Paisan blues: viaggio in Italia. Fabio Rieti, i murales e la celebrazione della città

Mi sono lasciata l’afa della città alle spalle e sono andata in montagna, in mezzo al verde. A Collelongo piccolo borgo Abruzzo al limitare del Parco Nazionale d’Abruzzo, Lazio e Molise. Qui tutto ha un’altra dimensione. Poco più di mille abitanti, tutti si conoscono, si salutano e ti salutano anche se non ti conoscono. Al bar si discute di politica, di sport e della festa del paese.

Qui dal 1988 ad anni alterni viene a rifugiarsi un pittore, Fabio Rieti, conosciuto,nel mondo, soprattutto per i suoi murales.
Rieti nasce a Roma nel 1925
e poco dopo i genitori, padre compositore e madre appassionata d’arte, lo portano in Francia. Torna in Italia tra i 5 e 13 anni. Poi di nuovo in Francia dopo le leggi razziali e da lì, dopo l’arrivo dei tedeschi a Parigi, negli Stati Uniti. Qui Fabio Rieti cresce , si arruola per poi tornare in Europa e stabilirsi a Parigi, nel 1956.
“La pittura è qualcosa che nasce con te. Tutti i bambini scarabocchiano qualcosa e poi per me l’arte è stato qualcosa con cui sono cresciuto… E poi sa la pittura è l’arte dei pigri. In America ho provato a studiare architettura, a Berkeley, ma era troppo difficile e così ho lasciato stare. Dipingere è più facile anche di scrivere. Ho scritto anche due romanzi, due storie d’amore, ma nello scrivere c’è un rapporto fisico con la carta e la penna molto più faticoso che con la pittura che è dolce, docile, appetitosa”.

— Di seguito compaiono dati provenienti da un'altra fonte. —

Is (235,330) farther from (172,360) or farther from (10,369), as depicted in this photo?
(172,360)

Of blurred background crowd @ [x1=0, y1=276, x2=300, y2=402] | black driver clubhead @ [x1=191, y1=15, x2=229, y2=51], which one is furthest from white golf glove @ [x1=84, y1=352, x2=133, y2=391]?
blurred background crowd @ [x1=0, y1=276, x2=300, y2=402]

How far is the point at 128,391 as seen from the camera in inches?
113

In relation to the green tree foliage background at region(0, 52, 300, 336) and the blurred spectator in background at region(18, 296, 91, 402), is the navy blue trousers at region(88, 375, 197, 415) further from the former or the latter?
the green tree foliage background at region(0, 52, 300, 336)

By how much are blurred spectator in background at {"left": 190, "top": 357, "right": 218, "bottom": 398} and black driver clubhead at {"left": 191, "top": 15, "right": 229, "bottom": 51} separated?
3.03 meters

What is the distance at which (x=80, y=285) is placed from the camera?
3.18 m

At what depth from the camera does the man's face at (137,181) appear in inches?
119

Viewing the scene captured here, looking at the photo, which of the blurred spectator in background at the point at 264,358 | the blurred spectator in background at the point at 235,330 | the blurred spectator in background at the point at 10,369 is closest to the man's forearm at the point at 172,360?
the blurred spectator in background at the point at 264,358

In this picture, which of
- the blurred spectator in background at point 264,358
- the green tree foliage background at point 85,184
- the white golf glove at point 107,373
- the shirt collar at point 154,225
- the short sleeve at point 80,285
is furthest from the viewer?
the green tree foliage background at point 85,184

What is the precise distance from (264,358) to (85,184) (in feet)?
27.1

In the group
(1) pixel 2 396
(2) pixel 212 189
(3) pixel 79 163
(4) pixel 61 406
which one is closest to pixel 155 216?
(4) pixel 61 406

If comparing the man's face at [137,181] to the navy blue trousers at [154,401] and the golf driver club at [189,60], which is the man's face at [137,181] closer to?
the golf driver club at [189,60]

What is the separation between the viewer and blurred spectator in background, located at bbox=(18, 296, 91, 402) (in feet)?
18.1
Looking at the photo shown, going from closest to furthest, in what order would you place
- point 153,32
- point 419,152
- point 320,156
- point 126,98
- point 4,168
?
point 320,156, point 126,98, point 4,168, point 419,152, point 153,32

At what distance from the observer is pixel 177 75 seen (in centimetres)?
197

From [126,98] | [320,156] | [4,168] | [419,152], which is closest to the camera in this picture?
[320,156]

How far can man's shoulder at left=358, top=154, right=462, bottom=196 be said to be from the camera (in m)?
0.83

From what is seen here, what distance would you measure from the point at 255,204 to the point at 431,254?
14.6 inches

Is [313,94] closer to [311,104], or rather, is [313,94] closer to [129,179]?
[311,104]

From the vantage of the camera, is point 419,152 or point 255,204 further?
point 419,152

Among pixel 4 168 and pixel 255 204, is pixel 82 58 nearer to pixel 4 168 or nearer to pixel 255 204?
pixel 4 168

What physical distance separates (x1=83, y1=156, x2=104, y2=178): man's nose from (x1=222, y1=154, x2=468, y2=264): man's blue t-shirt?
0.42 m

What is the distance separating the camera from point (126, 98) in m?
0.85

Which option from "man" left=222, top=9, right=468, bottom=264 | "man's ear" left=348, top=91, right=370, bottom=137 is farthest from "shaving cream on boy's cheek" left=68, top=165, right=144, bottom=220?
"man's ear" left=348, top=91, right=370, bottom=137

Appoggiato sulla sedia, il bastone tra le mani, guarda, premuroso ma anche severo, la figlia Leonor che, sulla scala, sta restaurando uno dei suoi primi lavori qui a Collelongo. Parla di emigrazione, un uomo con la valigia e i 5 continenti in cui tanti abruzzesi, dal primo del novecento in poi, hanno cercato un futuro, una vita migliore. Questa era una terra povera, quella dei “cafoni” di Ignazio Silone.Terra difficile, aspra.

E non sembra guardando, oggi con il sole, questo paesino, pulito, ordinato e con tante facciate dipinte proprio da Rieti che ritiene i murales “un atto politico. Un proclama. Un qualcosa tra pubblicità e pittura. I murales non sono un quadro e sono destinati ai passanti e non agli spettatori, ai visitatori di un museo. Il concetto del murales è cambiato nel tempo. Diciamo che oggi noi viviamo la città come un grande appartamento. Soprattutto nelle periferie. E come all’interno delle nostre case ci piace che le mura siano abbellite con disegni, ritratti… Il murales è una celebrazione della città”.

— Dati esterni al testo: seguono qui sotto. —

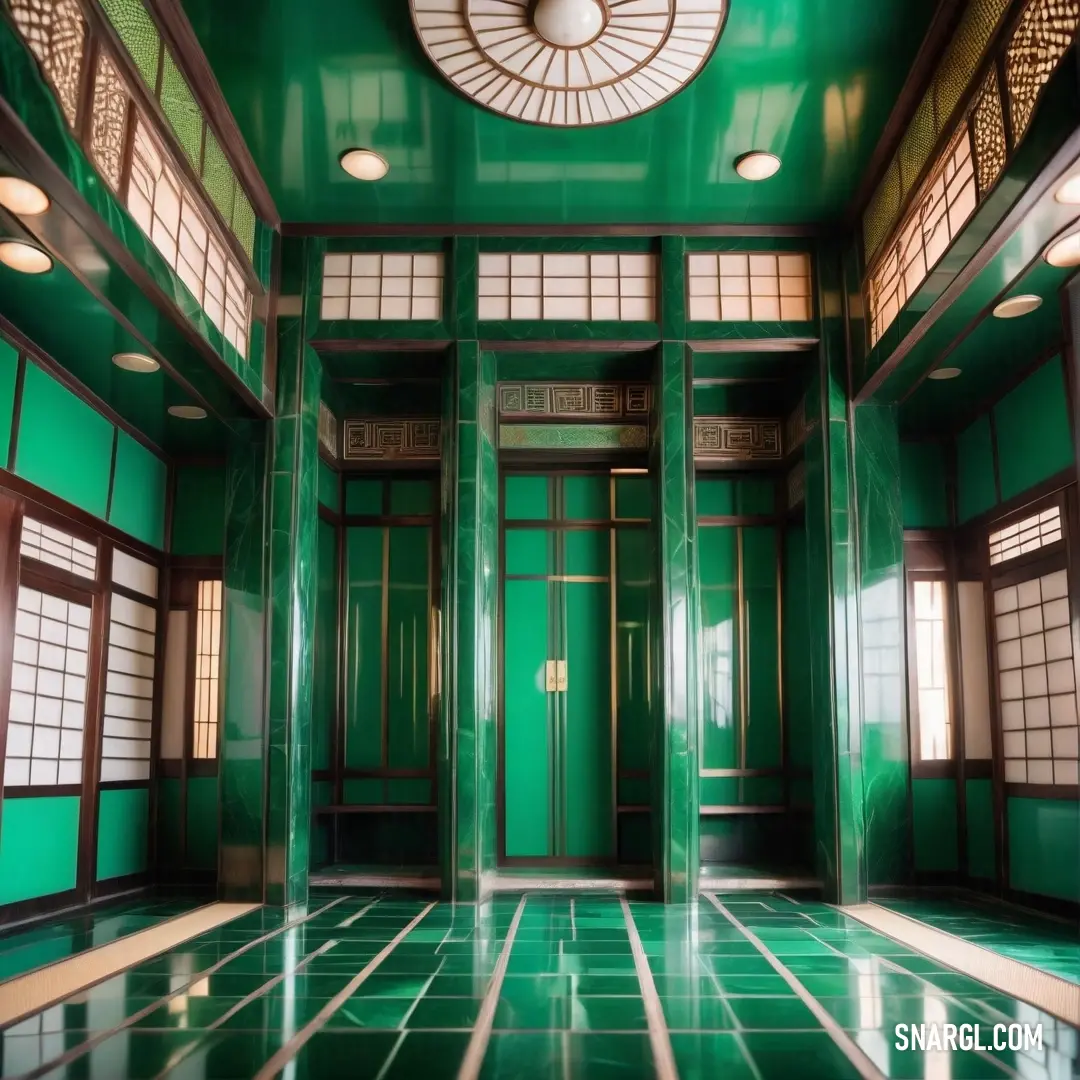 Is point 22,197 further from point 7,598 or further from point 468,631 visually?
point 468,631

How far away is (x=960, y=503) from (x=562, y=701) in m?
2.59

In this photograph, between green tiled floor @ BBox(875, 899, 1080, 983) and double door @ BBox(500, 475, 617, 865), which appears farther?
double door @ BBox(500, 475, 617, 865)

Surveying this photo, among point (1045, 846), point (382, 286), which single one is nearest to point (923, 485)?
point (1045, 846)

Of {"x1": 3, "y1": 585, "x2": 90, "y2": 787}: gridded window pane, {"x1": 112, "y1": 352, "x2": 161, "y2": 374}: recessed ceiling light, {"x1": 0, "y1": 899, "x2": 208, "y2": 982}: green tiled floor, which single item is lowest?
{"x1": 0, "y1": 899, "x2": 208, "y2": 982}: green tiled floor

Con Fabio Rieti si parlerebbero delle ore: di Sabaudia, di Elsa Morante, di Moravia e Dacia Maraini. Della sua visione delle città e della loro esplosione demografica. Del concetto di “urbs” e di come oggi abbiamo bisogno di girare nella città e poter soddisfare la nostra necessità di immagine visiva. La sera la bar, davanti all’ennesima birra alla faccia dei suoi 89 anni, siamo noi i primi ad andare a dormire. Lui rimane ancora a fare due chiacchiere con alcuni avventori, due maglie sulle spalle perché sente un po’ di fresco. Tutto sotto gli occhi vigili della figlia Leonor artista come lui e che decisamente non vive della luce riflessa del padre.